What is being asked:
Write out again, exactly, the lines below starting at the one with "Viêm đường tiết" and ending at the one with "Lip Filler Before & After".

The data:
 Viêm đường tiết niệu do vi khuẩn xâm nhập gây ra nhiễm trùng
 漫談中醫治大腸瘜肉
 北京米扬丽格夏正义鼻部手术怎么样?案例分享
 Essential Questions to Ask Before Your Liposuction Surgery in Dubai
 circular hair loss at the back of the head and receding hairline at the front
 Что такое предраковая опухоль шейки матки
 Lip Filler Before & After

==

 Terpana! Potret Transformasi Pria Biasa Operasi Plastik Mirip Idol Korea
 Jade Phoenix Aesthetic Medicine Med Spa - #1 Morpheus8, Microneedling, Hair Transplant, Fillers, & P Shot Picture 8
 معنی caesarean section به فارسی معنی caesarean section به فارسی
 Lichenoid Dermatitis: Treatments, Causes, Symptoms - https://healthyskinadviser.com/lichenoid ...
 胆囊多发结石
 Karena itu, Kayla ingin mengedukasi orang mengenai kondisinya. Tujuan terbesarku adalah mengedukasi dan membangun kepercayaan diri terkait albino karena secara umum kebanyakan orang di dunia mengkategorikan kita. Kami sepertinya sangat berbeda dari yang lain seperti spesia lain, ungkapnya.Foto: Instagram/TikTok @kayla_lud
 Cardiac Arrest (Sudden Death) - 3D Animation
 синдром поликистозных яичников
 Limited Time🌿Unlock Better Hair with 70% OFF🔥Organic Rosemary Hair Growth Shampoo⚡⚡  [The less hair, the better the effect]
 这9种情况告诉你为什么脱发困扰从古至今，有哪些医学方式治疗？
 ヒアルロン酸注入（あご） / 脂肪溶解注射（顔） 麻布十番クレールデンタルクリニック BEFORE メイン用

* * *

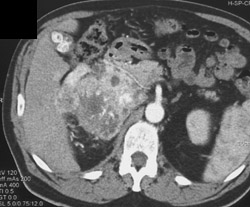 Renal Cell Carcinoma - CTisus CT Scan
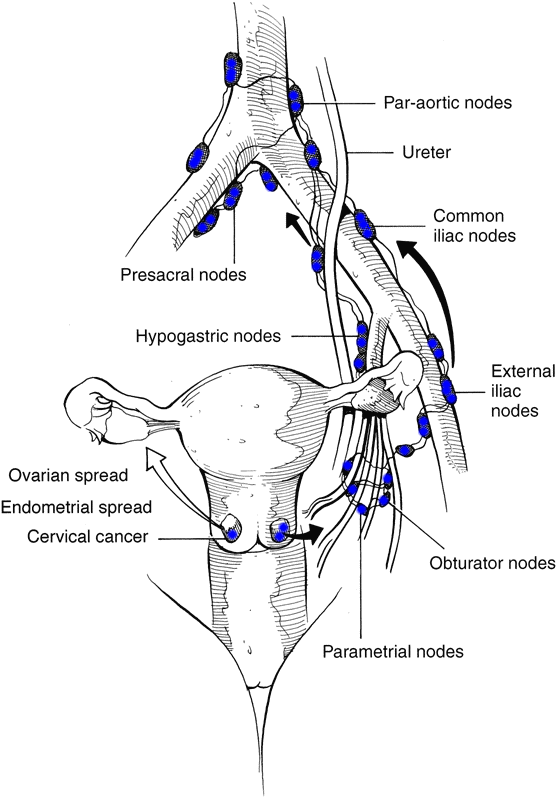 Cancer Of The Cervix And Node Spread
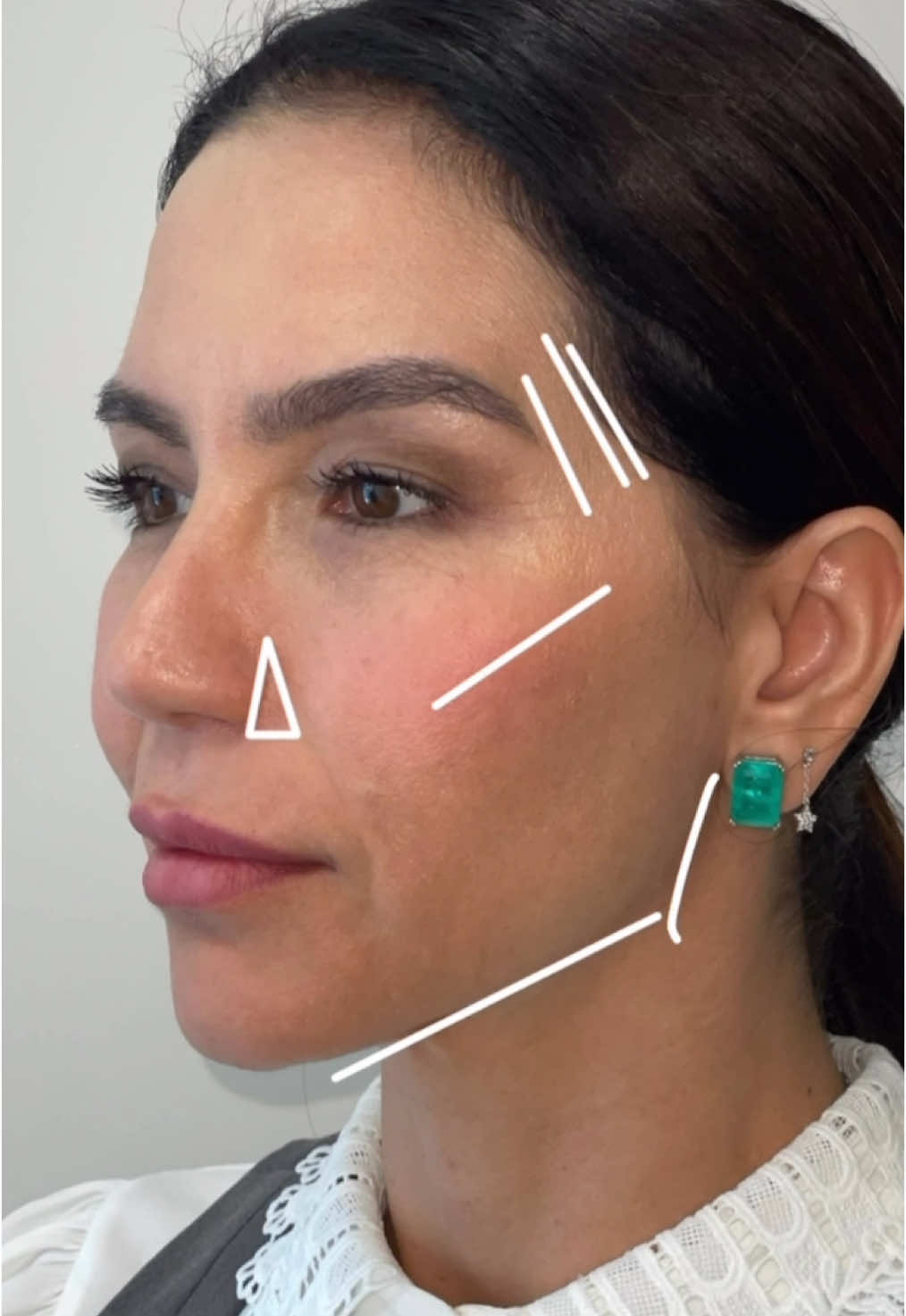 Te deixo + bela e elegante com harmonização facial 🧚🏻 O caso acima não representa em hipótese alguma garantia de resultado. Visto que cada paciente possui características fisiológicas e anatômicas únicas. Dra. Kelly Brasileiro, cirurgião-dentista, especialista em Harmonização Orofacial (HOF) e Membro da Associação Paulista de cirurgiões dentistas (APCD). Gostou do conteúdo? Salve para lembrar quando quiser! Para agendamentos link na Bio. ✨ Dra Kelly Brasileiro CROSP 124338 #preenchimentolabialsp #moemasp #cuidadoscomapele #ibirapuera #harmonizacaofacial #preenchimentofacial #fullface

Written response:
 Viêm đường tiết niệu do vi khuẩn xâm nhập gây ra nhiễm trùng
 漫談中醫治大腸瘜肉
 北京米扬丽格夏正义鼻部手术怎么样?案例分享
 Essential Questions to Ask Before Your Liposuction Surgery in Dubai
 circular hair loss at the back of the head and receding hairline at the front
 Что такое предраковая опухоль шейки матки
 Lip Filler Before & After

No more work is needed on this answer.